Blade wrote:@OgreBattle: Many historians who study the dark ages generally like to insist on the fact that they were not "dark" ages and were generally speaking pretty okay. Not sure why nor if they're right, but I've heard this many times from people who are supposed to know the topic, so it might not be completely untrue.
A lot of it is not how "the Middle Ages were not terrible," but rather simply condemning it as the Dark Ages ignores that some important cultural and technological developments arose during this time. Like, a lot of the fighting left in Rome's power vacuum was pretty terrible and damaged places for centuries, but importantly... Rome was the place which definitely got the worst of it. Many other places... weren't so that great in the first place, so they didn't get that much worse, and it wasn't like there was this huge, uniform, across-the-board downgrade. And really, Byzantium/Constantinople in particular wasn't that much worse off, and kind of basically viewed itself as "Rome, as if no 'collapse' had ever happened," up until its eventual capture by the Ottomans. So by "Rome" being worse off I mean specifically "Western Rome/Italy."

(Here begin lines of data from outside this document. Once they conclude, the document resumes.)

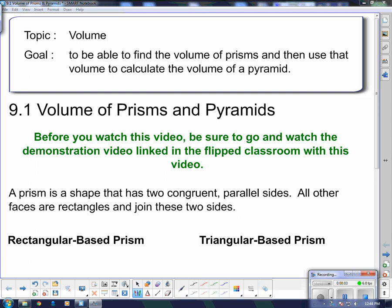Good day and welcome to your first lesson on volume. We're going to be talking about volume of prisms and pyramids today. Our goal is to be able to find the volume of prisms and then use that volume to calculate the volume of a pyramid. Before you watch this video, I hope you've watched the little demonstration I linked on the flipped classroom — a demonstration on how the volume of a prism is related to the volume of a pyramid.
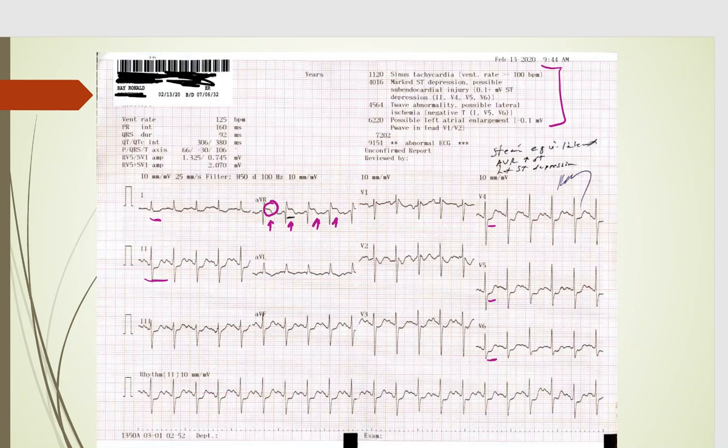It's much more important for you to read the EKG yourself. What does this mean? It can be LAD occlusion, it can be severe three-vessel disease, it can be left main. Bottom line: this is pretty significant and the patient needs to go to the cath lab and be treated just like it was a STEMI.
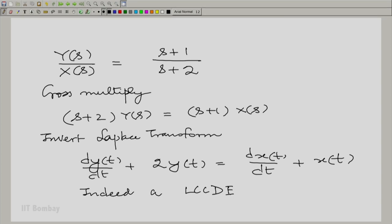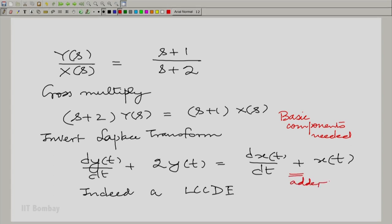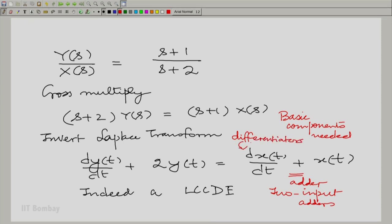Now, this is all right in terms of writing a differential equation, but in practice, suppose I want to draw a diagram which realizes this — a system built out of basic components. Looking at the equation, what basic components are needed? You need an adder, or more than one two-input adder. You need a differentiator, needed here and here. You need a constant multiplier. So essentially it is three kinds of components: two-input adders, differentiators, and constant multipliers, which enable you to realize this constant coefficient differential equation.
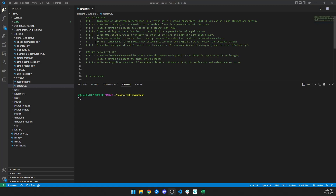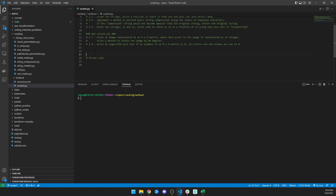Hey, what's up, it's Jake from Nimbus DevOps. We're going to go over question 1.5: given two strings, write a function to check if they are one edit or zero edits away. For example, 'string' vs 'strings' — remove the 's' and they're the same, so that's one edit away. 'Strong' — change one letter, that's one edit away. If they're the same, that's zero edits away.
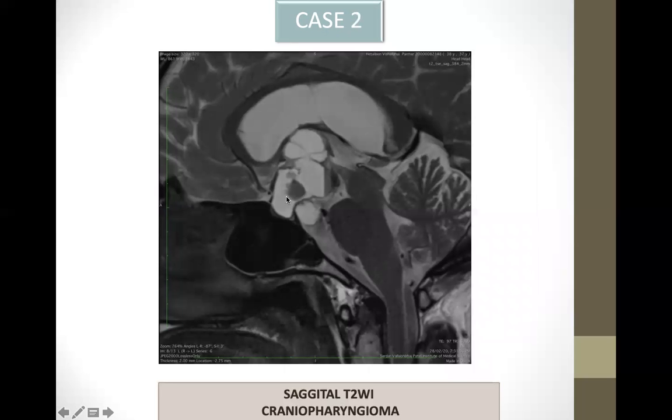This is a case of craniopharyngioma involving the sellar and suprasellar region, and it is predominantly cystic. This is a T2 sagittal weighted image.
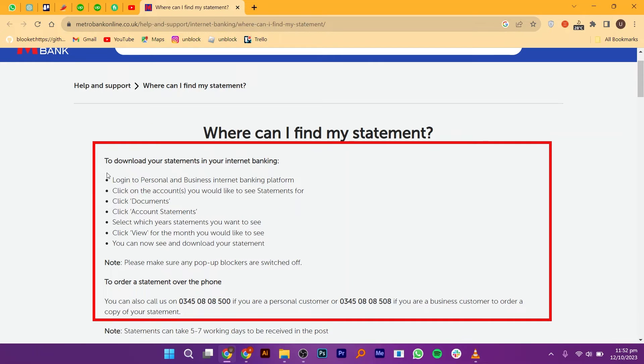Firstly, log in to the Personal and Business Internet Banking Platform. Next, click on the account you would like to see the statement for.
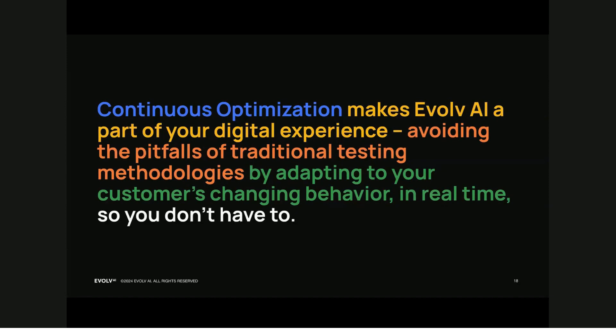This concludes the presentation. Evolve AI's methodology of continuous optimization, and the tactics which make that approach possible — the ongoing revalidation of individual ideas, which mitigates the challenges of traditional testing, and continually adapting to performance signals to find which ideas work best for users in real time — all of these things make Evolve a powerful part of your digital experience.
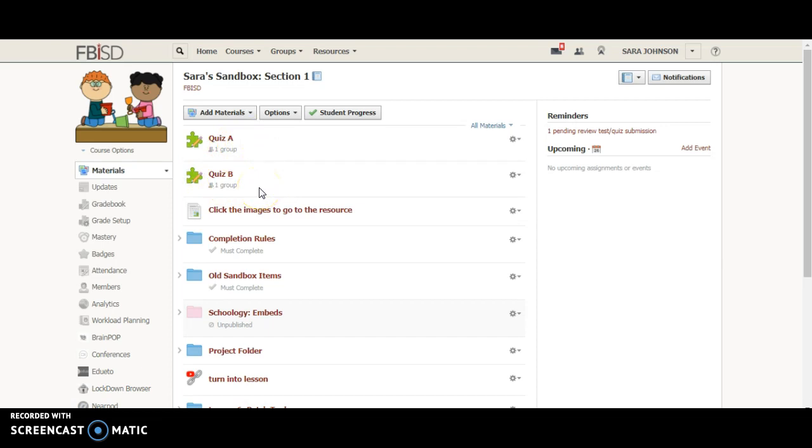Let's say that instead of using grading groups you just have a student you want to assign something to or a group of students. Let's say Lisa was out, she was very sick for a while, and you made her a special resource that you only want viewable to her because you're doing something different for her to make up for what she missed.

Writing it off as the Dark Ages also ignores, how, you know, Arabia arose and became an important hegemonizing force of culture and learning... during the "Dark Ages." How a lot of knowledge that was "lost" was still present in Arabic libraries. A lot of knowledge that is very important to today was developed at that time... in Arabia, and throughout the larger Islamic empires.

... of course, if you were in Western Europe... buckle in, because a lot of people stabbing people is going to characterize the Middle Ages. A lot. Most of it in the name of Christ.
Last edited by Almaz on Tue Nov 17, 2015 4:46 pm, edited 3 times in total.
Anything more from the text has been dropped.